TASK INSTRUCTIONS: Scan the entries below for the word "using". Copy each line that has it.

** DATA follows **

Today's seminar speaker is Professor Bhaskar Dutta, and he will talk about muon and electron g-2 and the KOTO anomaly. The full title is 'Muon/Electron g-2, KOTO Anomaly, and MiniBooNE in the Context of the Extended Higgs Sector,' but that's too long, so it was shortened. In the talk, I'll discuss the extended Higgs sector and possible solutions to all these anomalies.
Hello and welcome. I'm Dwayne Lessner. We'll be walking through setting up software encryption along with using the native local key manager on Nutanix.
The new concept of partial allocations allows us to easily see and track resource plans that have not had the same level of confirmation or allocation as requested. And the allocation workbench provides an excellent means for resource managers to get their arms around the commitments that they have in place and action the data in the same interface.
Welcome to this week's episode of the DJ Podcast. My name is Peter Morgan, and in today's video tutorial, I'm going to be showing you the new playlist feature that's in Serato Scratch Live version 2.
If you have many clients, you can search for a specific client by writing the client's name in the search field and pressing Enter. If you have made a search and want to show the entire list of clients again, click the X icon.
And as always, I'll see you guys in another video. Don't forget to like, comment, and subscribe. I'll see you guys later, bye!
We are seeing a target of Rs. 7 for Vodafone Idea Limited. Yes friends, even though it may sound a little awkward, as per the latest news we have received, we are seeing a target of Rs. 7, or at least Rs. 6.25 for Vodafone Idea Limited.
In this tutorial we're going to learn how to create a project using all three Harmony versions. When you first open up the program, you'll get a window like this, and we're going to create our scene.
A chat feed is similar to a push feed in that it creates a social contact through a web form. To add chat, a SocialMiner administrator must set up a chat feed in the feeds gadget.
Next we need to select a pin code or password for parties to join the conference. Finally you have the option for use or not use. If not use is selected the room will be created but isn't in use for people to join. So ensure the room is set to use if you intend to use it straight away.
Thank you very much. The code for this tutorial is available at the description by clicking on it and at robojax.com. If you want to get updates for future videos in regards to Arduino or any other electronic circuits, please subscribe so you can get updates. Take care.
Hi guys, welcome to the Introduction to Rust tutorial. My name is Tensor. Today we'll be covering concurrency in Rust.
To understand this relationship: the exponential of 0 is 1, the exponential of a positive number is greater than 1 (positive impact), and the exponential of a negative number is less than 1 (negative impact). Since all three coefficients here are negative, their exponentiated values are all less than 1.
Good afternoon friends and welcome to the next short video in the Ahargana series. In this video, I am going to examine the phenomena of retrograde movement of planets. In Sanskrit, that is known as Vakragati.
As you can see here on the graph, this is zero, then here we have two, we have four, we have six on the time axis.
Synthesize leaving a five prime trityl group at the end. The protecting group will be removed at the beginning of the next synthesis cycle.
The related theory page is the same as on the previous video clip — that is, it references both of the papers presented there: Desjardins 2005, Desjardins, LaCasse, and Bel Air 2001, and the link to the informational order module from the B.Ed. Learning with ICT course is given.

** End of DATA **

SOLUTION FOR THIS EXERCISE:
Hello and welcome. I'm Dwayne Lessner. We'll be walking through setting up software encryption along with using the native local key manager on Nutanix.
In this tutorial we're going to learn how to create a project using all three Harmony versions. When you first open up the program, you'll get a window like this, and we're going to create our scene.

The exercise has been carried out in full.